## What the task requires
When the line with "FOSSIL Butterfly Detailed Necklace" appears below, start repeating lines exactly, and keep going through the line with "Brain Dead x"; add nothing outside that span.

## Data for review
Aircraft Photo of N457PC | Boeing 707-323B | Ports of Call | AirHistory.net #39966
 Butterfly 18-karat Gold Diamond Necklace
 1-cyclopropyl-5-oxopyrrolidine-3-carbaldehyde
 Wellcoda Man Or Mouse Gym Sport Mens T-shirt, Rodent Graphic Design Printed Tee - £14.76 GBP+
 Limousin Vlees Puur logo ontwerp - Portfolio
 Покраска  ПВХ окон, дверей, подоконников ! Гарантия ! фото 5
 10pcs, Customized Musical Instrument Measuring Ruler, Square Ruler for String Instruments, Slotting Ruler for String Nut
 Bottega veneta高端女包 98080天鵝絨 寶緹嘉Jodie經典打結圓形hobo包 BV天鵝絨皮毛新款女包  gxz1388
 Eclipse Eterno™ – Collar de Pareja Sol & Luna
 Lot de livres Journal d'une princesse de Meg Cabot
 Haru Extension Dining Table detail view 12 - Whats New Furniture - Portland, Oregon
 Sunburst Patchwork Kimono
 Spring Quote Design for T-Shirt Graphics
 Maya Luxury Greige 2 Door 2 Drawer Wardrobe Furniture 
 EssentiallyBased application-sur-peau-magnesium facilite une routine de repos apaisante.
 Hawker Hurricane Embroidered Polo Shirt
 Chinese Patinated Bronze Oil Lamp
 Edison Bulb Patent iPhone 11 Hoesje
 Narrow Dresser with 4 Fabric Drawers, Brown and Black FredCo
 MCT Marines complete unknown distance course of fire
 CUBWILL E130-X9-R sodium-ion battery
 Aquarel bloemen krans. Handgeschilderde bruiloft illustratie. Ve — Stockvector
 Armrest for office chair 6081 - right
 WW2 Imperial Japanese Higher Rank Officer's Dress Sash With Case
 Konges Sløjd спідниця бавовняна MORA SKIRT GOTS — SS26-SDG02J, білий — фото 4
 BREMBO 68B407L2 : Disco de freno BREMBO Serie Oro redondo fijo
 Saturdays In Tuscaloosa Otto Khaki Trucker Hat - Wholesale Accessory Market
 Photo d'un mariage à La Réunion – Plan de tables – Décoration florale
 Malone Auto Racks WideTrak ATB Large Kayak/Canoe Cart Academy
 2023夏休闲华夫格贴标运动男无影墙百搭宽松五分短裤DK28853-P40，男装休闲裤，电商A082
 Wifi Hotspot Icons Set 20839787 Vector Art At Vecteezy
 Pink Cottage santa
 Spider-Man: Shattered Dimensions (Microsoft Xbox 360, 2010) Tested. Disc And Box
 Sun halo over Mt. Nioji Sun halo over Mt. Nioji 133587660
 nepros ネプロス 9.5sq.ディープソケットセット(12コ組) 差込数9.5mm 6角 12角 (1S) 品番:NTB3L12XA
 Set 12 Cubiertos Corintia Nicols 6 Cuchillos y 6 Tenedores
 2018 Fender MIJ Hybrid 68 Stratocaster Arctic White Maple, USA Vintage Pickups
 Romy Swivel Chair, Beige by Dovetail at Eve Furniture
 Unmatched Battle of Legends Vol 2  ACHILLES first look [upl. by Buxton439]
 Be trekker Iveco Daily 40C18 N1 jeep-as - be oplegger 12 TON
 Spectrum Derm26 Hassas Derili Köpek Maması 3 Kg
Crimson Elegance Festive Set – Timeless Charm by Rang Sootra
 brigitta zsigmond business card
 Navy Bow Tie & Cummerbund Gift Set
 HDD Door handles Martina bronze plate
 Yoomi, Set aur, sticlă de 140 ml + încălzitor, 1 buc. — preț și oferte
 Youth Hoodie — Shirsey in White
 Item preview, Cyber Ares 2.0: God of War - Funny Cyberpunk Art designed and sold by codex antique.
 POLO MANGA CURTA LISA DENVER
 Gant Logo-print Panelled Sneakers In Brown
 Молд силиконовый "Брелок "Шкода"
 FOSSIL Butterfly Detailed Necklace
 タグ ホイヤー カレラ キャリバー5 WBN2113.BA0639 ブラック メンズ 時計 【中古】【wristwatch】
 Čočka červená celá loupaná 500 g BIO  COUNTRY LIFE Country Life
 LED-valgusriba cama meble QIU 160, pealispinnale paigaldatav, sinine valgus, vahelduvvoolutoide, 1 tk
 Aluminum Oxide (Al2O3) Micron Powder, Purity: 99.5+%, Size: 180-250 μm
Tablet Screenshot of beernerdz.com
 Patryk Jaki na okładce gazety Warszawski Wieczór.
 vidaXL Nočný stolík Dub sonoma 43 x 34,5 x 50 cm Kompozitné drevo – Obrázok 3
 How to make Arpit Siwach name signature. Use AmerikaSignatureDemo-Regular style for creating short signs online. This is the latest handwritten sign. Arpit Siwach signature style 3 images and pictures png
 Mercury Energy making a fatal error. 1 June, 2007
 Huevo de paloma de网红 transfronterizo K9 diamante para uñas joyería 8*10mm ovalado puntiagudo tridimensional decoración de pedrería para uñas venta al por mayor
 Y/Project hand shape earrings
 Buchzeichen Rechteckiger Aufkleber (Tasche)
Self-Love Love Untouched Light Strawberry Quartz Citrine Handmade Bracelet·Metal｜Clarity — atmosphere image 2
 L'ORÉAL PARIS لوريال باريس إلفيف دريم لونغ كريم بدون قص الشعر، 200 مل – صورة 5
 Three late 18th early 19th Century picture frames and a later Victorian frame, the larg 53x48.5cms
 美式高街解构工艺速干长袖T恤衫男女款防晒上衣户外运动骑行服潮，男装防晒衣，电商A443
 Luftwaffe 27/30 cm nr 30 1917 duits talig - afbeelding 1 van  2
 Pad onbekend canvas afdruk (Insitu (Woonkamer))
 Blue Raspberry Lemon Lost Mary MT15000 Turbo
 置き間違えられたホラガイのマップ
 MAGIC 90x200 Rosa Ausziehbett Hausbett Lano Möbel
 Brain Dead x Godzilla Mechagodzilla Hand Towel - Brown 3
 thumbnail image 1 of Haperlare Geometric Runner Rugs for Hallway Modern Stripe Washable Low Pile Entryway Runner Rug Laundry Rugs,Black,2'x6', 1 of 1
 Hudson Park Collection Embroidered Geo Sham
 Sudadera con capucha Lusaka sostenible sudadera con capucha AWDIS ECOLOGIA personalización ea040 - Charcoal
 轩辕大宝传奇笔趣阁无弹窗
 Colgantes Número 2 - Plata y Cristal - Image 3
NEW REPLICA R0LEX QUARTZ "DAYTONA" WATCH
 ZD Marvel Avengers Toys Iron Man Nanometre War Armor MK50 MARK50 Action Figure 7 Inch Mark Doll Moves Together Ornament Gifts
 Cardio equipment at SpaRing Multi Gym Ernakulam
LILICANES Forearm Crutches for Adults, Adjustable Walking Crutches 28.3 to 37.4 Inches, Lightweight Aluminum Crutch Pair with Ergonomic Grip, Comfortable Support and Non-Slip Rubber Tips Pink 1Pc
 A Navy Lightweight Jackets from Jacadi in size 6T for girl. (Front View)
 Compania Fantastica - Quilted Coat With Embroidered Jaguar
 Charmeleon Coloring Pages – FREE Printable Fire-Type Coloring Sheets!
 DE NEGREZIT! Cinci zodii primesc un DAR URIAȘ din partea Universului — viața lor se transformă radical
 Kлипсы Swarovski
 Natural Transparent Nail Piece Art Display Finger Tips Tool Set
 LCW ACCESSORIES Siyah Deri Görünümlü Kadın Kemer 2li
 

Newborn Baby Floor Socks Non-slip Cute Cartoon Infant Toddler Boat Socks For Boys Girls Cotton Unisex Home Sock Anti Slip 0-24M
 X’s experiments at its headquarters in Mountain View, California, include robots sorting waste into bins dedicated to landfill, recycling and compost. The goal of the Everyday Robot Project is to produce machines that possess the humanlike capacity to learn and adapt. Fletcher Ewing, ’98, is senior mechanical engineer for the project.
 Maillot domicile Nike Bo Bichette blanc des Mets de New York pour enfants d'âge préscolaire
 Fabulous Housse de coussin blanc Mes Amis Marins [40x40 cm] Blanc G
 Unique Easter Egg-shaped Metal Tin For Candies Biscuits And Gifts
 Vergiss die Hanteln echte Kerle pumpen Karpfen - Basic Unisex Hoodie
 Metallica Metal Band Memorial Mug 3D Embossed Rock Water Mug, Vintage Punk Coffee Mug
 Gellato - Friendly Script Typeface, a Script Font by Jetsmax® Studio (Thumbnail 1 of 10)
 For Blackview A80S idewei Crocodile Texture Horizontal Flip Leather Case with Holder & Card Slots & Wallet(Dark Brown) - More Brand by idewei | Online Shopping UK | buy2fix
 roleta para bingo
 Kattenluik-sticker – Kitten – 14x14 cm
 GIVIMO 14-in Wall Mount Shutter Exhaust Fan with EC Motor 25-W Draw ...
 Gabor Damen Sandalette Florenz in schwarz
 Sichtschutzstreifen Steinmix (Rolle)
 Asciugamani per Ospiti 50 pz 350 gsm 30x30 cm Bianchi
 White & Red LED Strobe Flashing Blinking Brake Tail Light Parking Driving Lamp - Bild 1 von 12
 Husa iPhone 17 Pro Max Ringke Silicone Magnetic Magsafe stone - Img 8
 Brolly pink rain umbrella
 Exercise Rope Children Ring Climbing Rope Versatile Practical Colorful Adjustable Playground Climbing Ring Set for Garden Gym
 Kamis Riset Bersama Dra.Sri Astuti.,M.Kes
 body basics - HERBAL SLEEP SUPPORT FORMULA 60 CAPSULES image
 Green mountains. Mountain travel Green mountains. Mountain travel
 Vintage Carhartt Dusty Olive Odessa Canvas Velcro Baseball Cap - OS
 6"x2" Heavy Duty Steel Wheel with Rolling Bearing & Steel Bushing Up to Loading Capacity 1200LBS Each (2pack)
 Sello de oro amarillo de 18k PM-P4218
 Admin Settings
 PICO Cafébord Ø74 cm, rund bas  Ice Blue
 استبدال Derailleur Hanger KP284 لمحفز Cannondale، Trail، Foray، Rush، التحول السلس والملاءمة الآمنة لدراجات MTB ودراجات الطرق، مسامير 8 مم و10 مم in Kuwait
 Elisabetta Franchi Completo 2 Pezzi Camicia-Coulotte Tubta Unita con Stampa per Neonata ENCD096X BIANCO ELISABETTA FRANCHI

## Your response
 FOSSIL Butterfly Detailed Necklace
 タグ ホイヤー カレラ キャリバー5 WBN2113.BA0639 ブラック メンズ 時計 【中古】【wristwatch】
 Čočka červená celá loupaná 500 g BIO  COUNTRY LIFE Country Life
 LED-valgusriba cama meble QIU 160, pealispinnale paigaldatav, sinine valgus, vahelduvvoolutoide, 1 tk
 Aluminum Oxide (Al2O3) Micron Powder, Purity: 99.5+%, Size: 180-250 μm
Tablet Screenshot of beernerdz.com
 Patryk Jaki na okładce gazety Warszawski Wieczór.
 vidaXL Nočný stolík Dub sonoma 43 x 34,5 x 50 cm Kompozitné drevo – Obrázok 3
 How to make Arpit Siwach name signature. Use AmerikaSignatureDemo-Regular style for creating short signs online. This is the latest handwritten sign. Arpit Siwach signature style 3 images and pictures png
 Mercury Energy making a fatal error. 1 June, 2007
 Huevo de paloma de网红 transfronterizo K9 diamante para uñas joyería 8*10mm ovalado puntiagudo tridimensional decoración de pedrería para uñas venta al por mayor
 Y/Project hand shape earrings
 Buchzeichen Rechteckiger Aufkleber (Tasche)
Self-Love Love Untouched Light Strawberry Quartz Citrine Handmade Bracelet·Metal｜Clarity — atmosphere image 2
 L'ORÉAL PARIS لوريال باريس إلفيف دريم لونغ كريم بدون قص الشعر، 200 مل – صورة 5
 Three late 18th early 19th Century picture frames and a later Victorian frame, the larg 53x48.5cms
 美式高街解构工艺速干长袖T恤衫男女款防晒上衣户外运动骑行服潮，男装防晒衣，电商A443
 Luftwaffe 27/30 cm nr 30 1917 duits talig - afbeelding 1 van  2
 Pad onbekend canvas afdruk (Insitu (Woonkamer))
 Blue Raspberry Lemon Lost Mary MT15000 Turbo
 置き間違えられたホラガイのマップ
 MAGIC 90x200 Rosa Ausziehbett Hausbett Lano Möbel
 Brain Dead x Godzilla Mechagodzilla Hand Towel - Brown 3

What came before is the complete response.